## Exercise aim
Reproduce the data exactly and drop any pictures it holds.

[Record extracts — start]

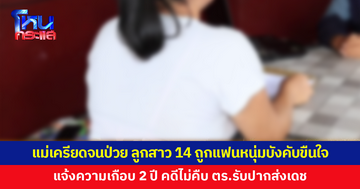 แม่เครียดจนโรคกำเริบ ลูกสาววัย 14 ถูกแฟนหนุ่มบังคับขืนใจ แจ้งความเกือบ 2 ปี คดีไม่คืบ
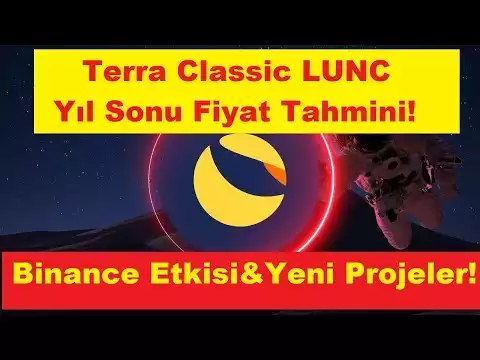 Terra Classic LUNC Yıl Sonu Tahmini Açıklandı! Binance Etkisi ve Yeni Projeler!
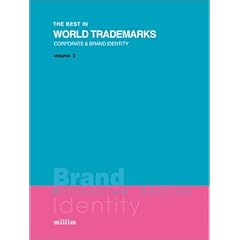 The Best in World Trademarks: v. 2: Corporate and Brand Identity: v. 2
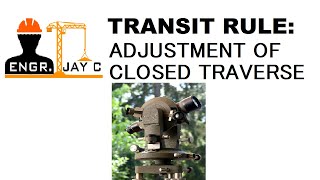 Surveying | Transit Rule (Adjustment of Closed Traverse Part 3 of 3)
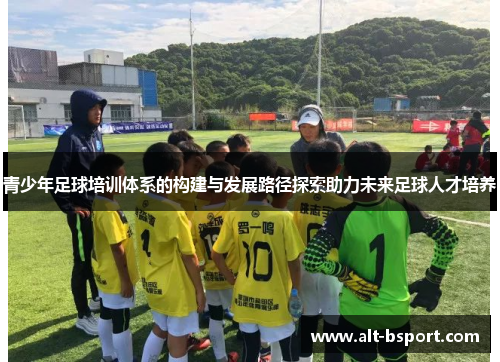 青少年足球培训体系的构建与发展路径探索助力未来足球人才培养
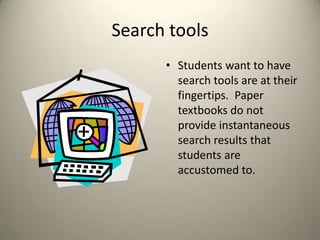 Search toolsStudents want to have search tools are at their fingertips.  Paper textbooks do not provide instantaneous search results that students are accustomed to.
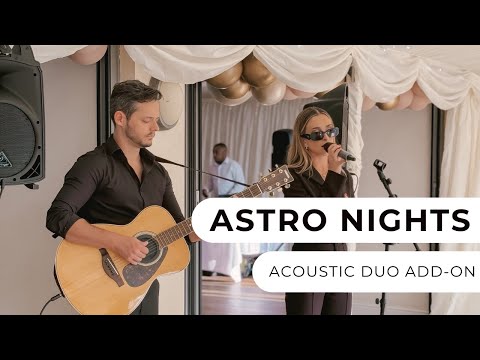  Astro Nights - Acoustic Duo (Vocals and Guitar)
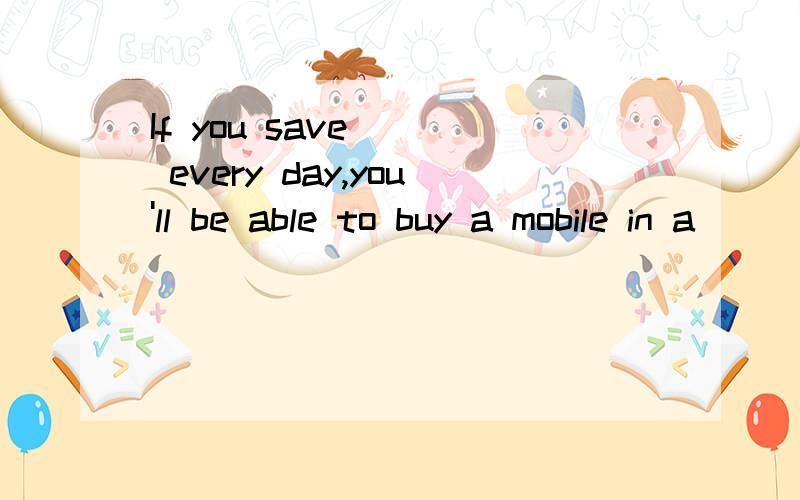 If you save( ) every day,you'll be able to buy a mobile in a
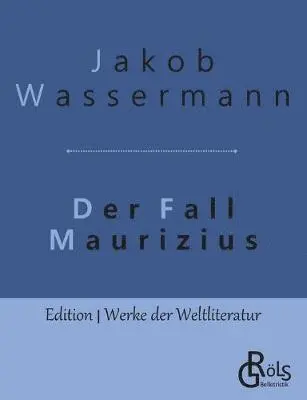 Jakob Wassermann - Der Fall Maurizius, Häftad. Tillgänglighet: Lägg i varukorg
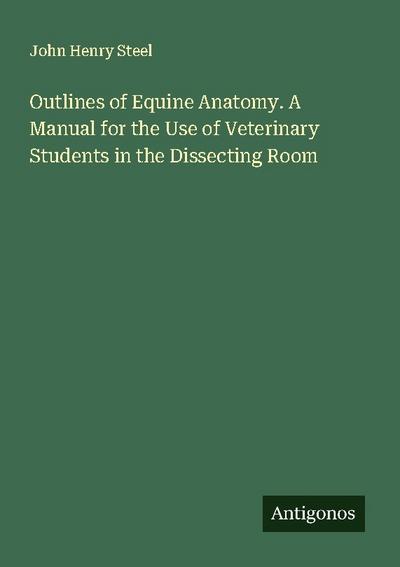 Outlines of Equine Anatomy. A Manual for the Use of Veterinary Students in the Dissecting Room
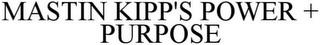 MASTIN KIPP'S POWER + PURPOSE trademark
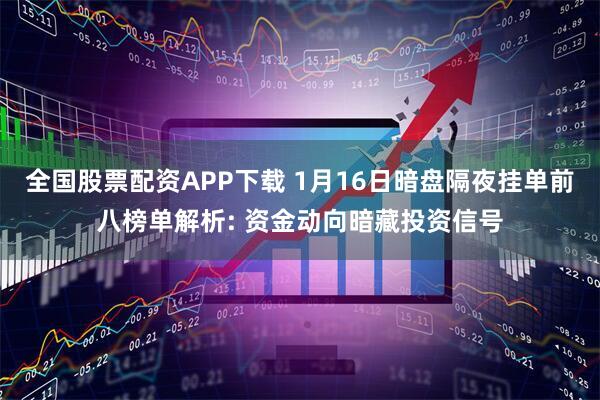 全国股票配资APP下载 1月16日暗盘隔夜挂单前八榜单解析: 资金动向暗藏投资信号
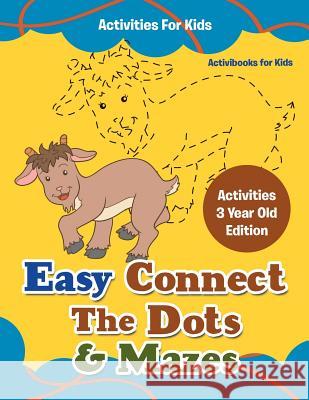 Easy Connect The Dots & Mazes Activities For Kids - Activities 3 Year Old Edition For Kids, Activibooks 9781683210481 Activibooks for Kids
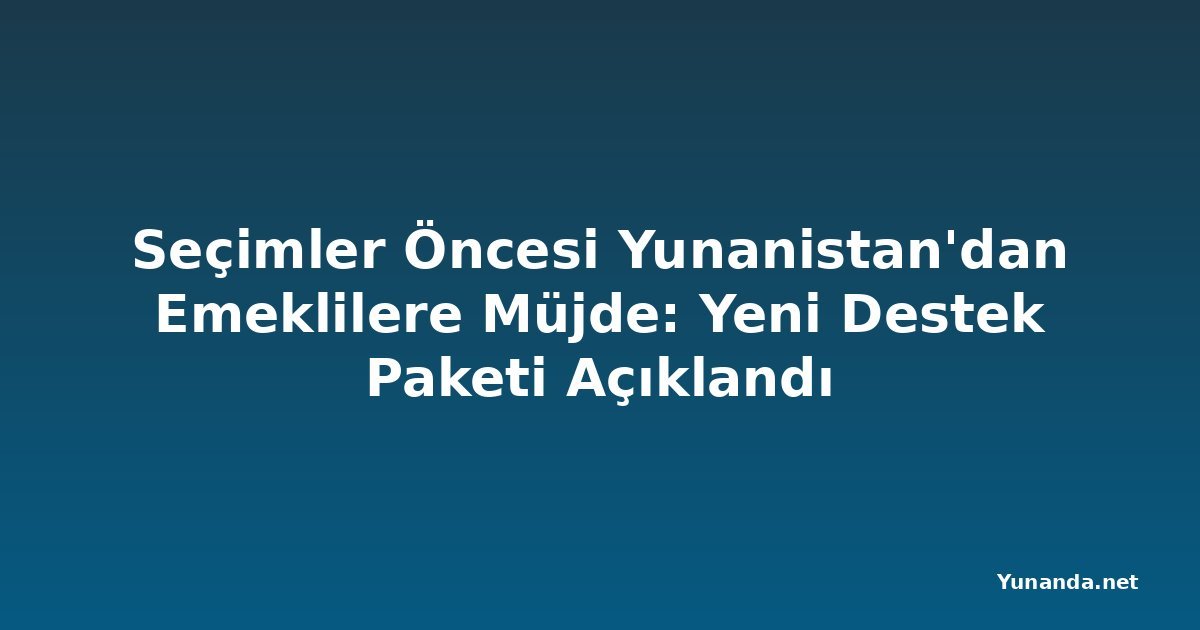 Seçimler Öncesi Yunanistan'dan Emeklilere Müjde: Yeni Destek Paketi Açıklandı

[Record extracts — finish]

## Solution to this exercise
 แม่เครียดจนโรคกำเริบ ลูกสาววัย 14 ถูกแฟนหนุ่มบังคับขืนใจ แจ้งความเกือบ 2 ปี คดีไม่คืบ
 Terra Classic LUNC Yıl Sonu Tahmini Açıklandı! Binance Etkisi ve Yeni Projeler!
 The Best in World Trademarks: v. 2: Corporate and Brand Identity: v. 2
 Surveying | Transit Rule (Adjustment of Closed Traverse Part 3 of 3)
 青少年足球培训体系的构建与发展路径探索助力未来足球人才培养
 Search toolsStudents want to have search tools are at their fingertips.  Paper textbooks do not provide instantaneous search results that students are accustomed to.
  Astro Nights - Acoustic Duo (Vocals and Guitar)
 If you save( ) every day,you'll be able to buy a mobile in a
 Jakob Wassermann - Der Fall Maurizius, Häftad. Tillgänglighet: Lägg i varukorg
 Outlines of Equine Anatomy. A Manual for the Use of Veterinary Students in the Dissecting Room
 MASTIN KIPP'S POWER + PURPOSE trademark
 全国股票配资APP下载 1月16日暗盘隔夜挂单前八榜单解析: 资金动向暗藏投资信号
 Easy Connect The Dots & Mazes Activities For Kids - Activities 3 Year Old Edition For Kids, Activibooks 9781683210481 Activibooks for Kids
 Seçimler Öncesi Yunanistan'dan Emeklilere Müjde: Yeni Destek Paketi Açıklandı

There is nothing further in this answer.